Surprisingly, Michael Henry Adams, a staunch local preservationist and author of Harlem: Lost and Found, is pleased with the new additions on Frederick Douglass Boulevard. For the most part, they “are quiet buildings that recede into the background and become good neighbors,” he says. “As a whole, it’s remarkably harmonious, particularly given what could have been there.” Once pockmarked with vacant lots, the area was rezoned in 2003 to promote residential and commercial growth. The new land-use regulations specified contextual design and capped building heights, preventing an invasion of glistening glass towers.

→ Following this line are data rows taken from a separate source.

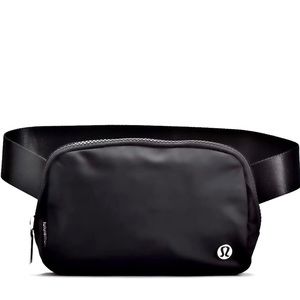 Lululemon Everywhere Belt Bag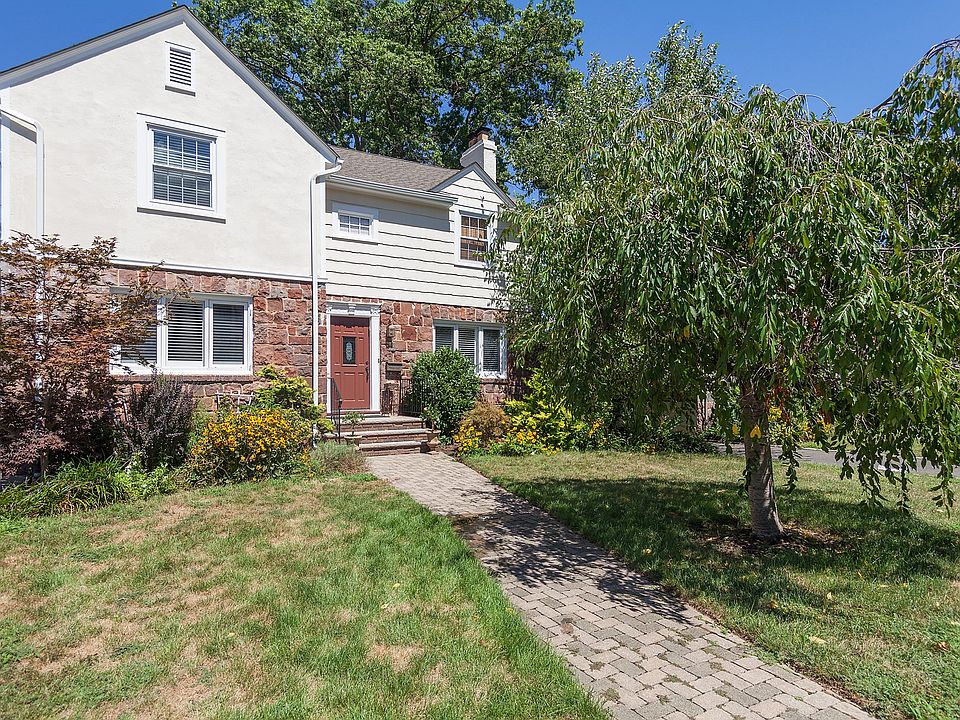 1st image of 79 Greenwood Dr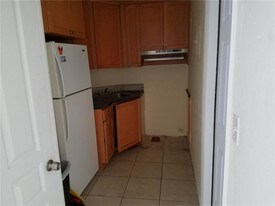 2625 N Andrews Ave Wilton Manors FL Apartments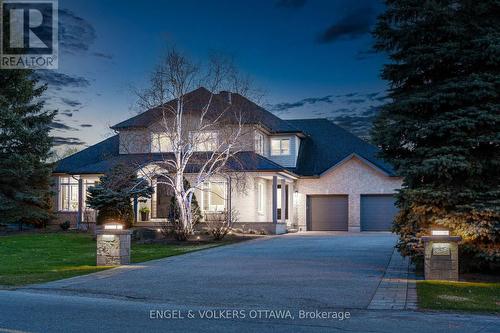 32 BARCHAM CRESCENT  Ottawa, ON K2J 3Z7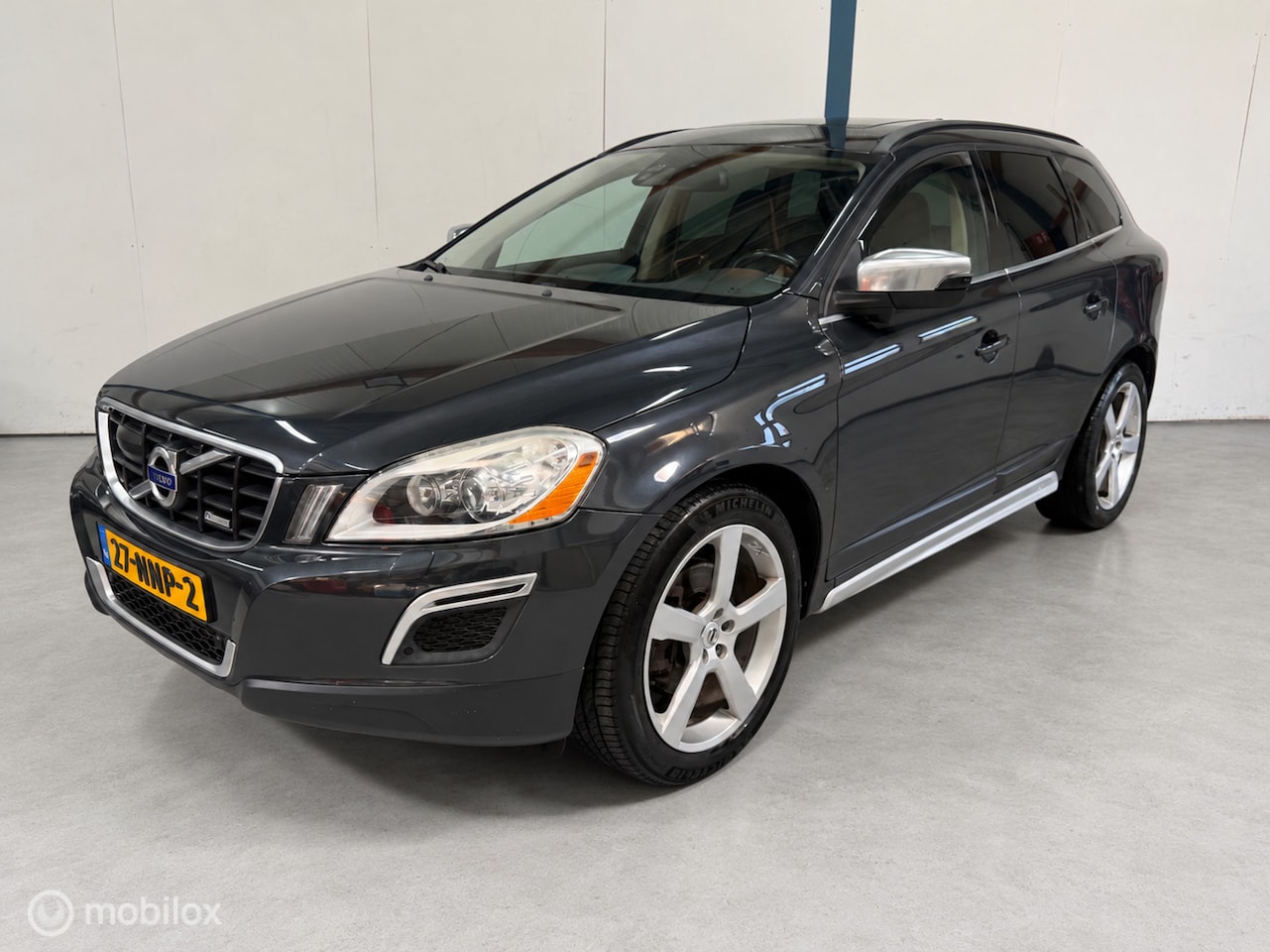 Volvo XC60 - 3.0 T6 AWD R-Design NL-AUTO / PANO / ACC - AutoWereld.nl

“You have to balance this need to develop properties and manage growth with a sensitivity toward what Harlem used to be, and what Harlem is to longtime residents. It’s not easy,” says Paimaan Lodhi, the district manager for Community Board 10, which covers central Harlem. The revitalization of Frederick Douglass Boulevard is a major success, he says, noting that crime has dropped 16.5 percent in 10 years and many of the new residential buildings contain affordable units. To critics of the redevelopment, he asks: “What’s the alternative? Vacant lots? Prostitutes and crack peddlers? We have a vibrancy there that we haven’t seen in decades.”

Even Clark acknowledges gentrification’s benefits. “I do feel safer,” the playwright says. But as for her preference for the old or new Harlem, there’s no simple answer. “In an ideal world,” she says, “I’d take elements of both and put them together.”